World press freedom day
Overview of this campaign
The Swedish press is strong. But we’re not immune to the zeitgeist. Many countries have pushed things further, but we’ve got our fair share of politicians who want to limit freedom of the press. Swedish news outlets publish dutiful articles about this from time to time. But few people outside the confines of the newsroom really care.
We wanted to change this, at least for a day. We wanted to truly put the spotlight on our democratic function and remind people of a freedom that many take for granted. At the same time we need to acquire more subscribers. A strong financial account is the best way to guarantee editorial integrity.
On May 3rd we managed to combine these two things. That’s when we celebrate World Press Freedom Day – a holiday that few people care about. But we wanted to change that, at least a little bit.
The newsroom and the marketing department collaborated on a campaign based around a column about the plights of Russian journalists. The column was published in all our channels in a censored and an uncensored version, to highlight how it might have turned out if the Russian state apparatus had their say about the content.
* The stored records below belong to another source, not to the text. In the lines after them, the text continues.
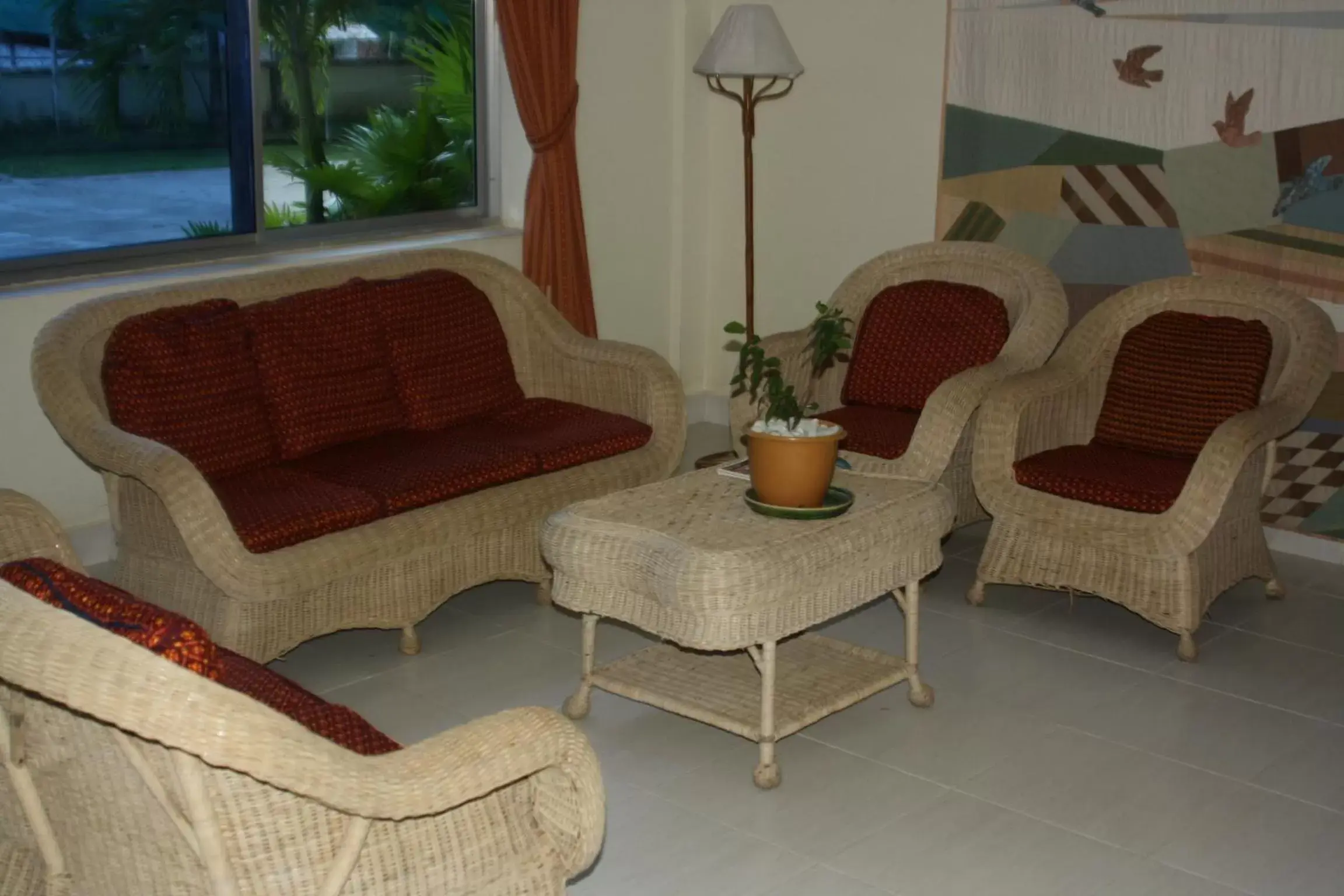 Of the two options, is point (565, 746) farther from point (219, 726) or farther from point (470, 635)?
point (470, 635)

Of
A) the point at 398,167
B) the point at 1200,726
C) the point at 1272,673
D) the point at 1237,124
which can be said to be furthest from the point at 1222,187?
the point at 398,167

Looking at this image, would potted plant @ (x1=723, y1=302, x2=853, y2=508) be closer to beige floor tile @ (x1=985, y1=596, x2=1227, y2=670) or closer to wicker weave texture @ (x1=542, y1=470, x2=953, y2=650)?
wicker weave texture @ (x1=542, y1=470, x2=953, y2=650)

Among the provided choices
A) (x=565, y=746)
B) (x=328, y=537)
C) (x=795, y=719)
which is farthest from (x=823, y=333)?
(x=565, y=746)

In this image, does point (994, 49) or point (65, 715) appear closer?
point (65, 715)

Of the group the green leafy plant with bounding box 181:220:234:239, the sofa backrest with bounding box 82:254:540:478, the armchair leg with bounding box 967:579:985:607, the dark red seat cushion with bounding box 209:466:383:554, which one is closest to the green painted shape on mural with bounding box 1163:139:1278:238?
the armchair leg with bounding box 967:579:985:607

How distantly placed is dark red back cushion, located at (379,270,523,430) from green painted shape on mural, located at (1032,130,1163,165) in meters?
1.92

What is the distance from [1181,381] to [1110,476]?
1.52ft

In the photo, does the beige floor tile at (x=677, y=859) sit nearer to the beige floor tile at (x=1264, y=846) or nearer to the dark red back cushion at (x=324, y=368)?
the beige floor tile at (x=1264, y=846)

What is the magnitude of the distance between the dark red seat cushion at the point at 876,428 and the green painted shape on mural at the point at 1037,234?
2.68 feet

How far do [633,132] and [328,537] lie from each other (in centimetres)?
264

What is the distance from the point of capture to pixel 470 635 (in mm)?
4125

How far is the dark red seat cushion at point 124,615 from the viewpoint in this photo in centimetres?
196

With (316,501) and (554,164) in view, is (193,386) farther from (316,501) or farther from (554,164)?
(554,164)

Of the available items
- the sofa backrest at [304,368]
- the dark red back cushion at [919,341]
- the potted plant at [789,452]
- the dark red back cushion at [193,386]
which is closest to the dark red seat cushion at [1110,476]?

When World Press Freedom Day was over hundreds of thousands of swedes had seen the message, and we had grown our subscription base by almost 1 percent.
Results for this campaign
- May 3rd became one of our best days ever with regards to new subscribers. 1330 people converted, which is an increase by 1 percent in total subscribers. Half of them where people who never had a Göteborgs-Posten subscription before.
- The message reached at least 300 000 people through print, on site and social media. This is the part of the reach we can measure through our own platforms. The organic reach is even larger.